Comme ils avaient promis de le faire, le Grand Conseil de la Nation atikamekw et la communauté de Manawan ont dévoilé, lundi, le « Principe de Joyce », élaboré à la suite du décès de Joyce Echaquan, mère de famille de Manawan morte sous les insultes racistes du personnel infirmier de l’hôpital de Joliette, le 28 septembre dernier.

« Pour nous, c’est important. Ça représente la voix de Joyce », a affirmé en entrevue le grand chef Constant Awashish.

Le document, qui tient sur une quinzaine de pages, aborde six grands principes et propose des solutions pour assainir la relation entre les Autochtones et les autorités provinciales et fédérales de santé et de services sociaux.

« Le début de réels changements »

Le conjoint de Mme Echaquan, Carol Dubé, signe une préface. Il souhaite que les gouvernements du Québec et du Canada « adoptent le Principe de Joyce afin que ce terrible évènement ne soit pas survenu en vain ».

« Que sa voix sonne le début de réels changements pour tous les Autochtones afin que plus jamais personne ne soit victime de racisme systémique », écrit-il.

On demande notamment à Québec et à Ottawa de « reconnaître le droit à l’autonomie et à l’autodétermination des peuples autochtones » en matière de santé et de services sociaux. Au gouvernement québécois, on réclame la reconnaissance du racisme systémique envers les peuples autochtones.

« Il faut reconnaître le problème à la source. Il y a un problème et ce n’est pas seulement la Loi sur les Indiens, indique M. Awashish. Tout le monde connaît la position du gouvernement Legault. S’il ne veut pas dire le mot, c’est sa position. Mais nous, on va continuer de travailler pour que les choses changent en profondeur. »

Les Atikamekw recommandent la création d’un Protecteur de la santé des Autochtones dont les « pouvoirs et les moyens d’action » seraient convenus avec les autorités autochtones. On demande aussi de nommer des membres autochtones dans les « instances décisionnelles » de la santé et des services sociaux.

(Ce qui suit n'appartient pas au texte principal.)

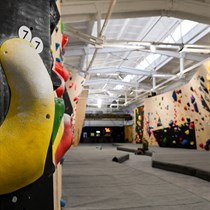 Išbandykite laipiojimo pramogas BONOBO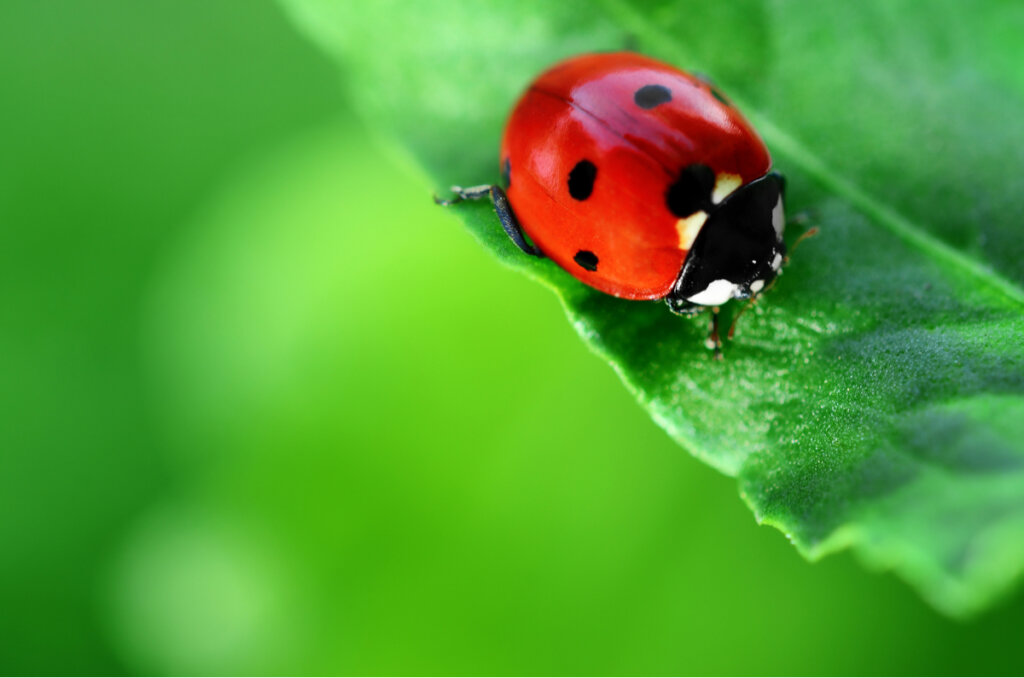 Coccinelle e disinfestazione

« Éduquons, sensibilisons et déconstruisons les préjugés »

L’éducation revient aussi abondamment dans les recommandations. Tous les programmes de formation destinés aux travailleurs du domaine de la santé et des services sociaux devraient « inclure une composante relative au Principe de Joyce » en plus de prévoir des mesures pour faciliter l’intégration des étudiants autochtones.

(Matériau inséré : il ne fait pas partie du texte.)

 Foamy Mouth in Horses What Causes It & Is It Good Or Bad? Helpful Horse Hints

« Éduquons, sensibilisons et déconstruisons les préjugés et créons un meilleur monde pour nos enfants. Les gens sont prêts pour le changement, nous avons eu des appuis incroyables [depuis septembre] », a fait valoir le chef Awashish.

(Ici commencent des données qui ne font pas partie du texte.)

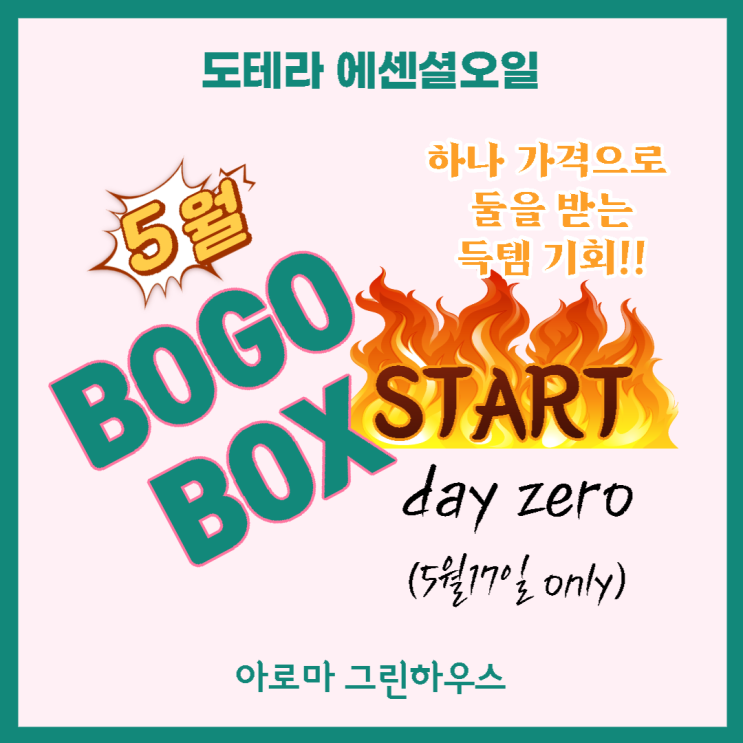  5월!! 오늘부터 도테라 보고(BOGO) 스타~~뚜!! 해요~~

Le Principe de Joyce propose aussi une modification au Code des professions visant à implanter de la formation récurrente et obligatoire pour les professionnels de la santé.

Québec a débloqué 15 millions pour de la formation dans les établissements de santé dans la foulée de la mort de Mme Echaquan afin d’accroître le sentiment de sécurité des Premières Nations envers les services publics. Un pas dans la bonne direction, selon les leaders autochtones.

Le ministre responsable des Affaires autochtones, Ian Lafrenière, a confirmé la réception du « Principe de Joyce » et assuré qu’il allait en prendre connaissance « avec grand intérêt ».

Les chefs atikamekw et lui se rencontrent chaque semaine depuis les évènements de septembre « afin de voir comment, ensemble, [ils peuvent] améliorer l’accès aux soins de santé », a fait savoir son cabinet. Une rencontre est aussi prévue ce mardi avec le premier ministre François Legault et le chef de l’Assemblée des Premières Nations Québec-Labrador, Ghislain Picard.

Le « Principe de Joyce »

Le Principe de Joyce vise à garantir à tous les Autochtones un droit d’accès équitable, sans aucune discrimination, à tous les services sociaux et de santé, ainsi que le droit de jouir du meilleur état possible de santé physique, mentale, émotionnelle et spirituelle.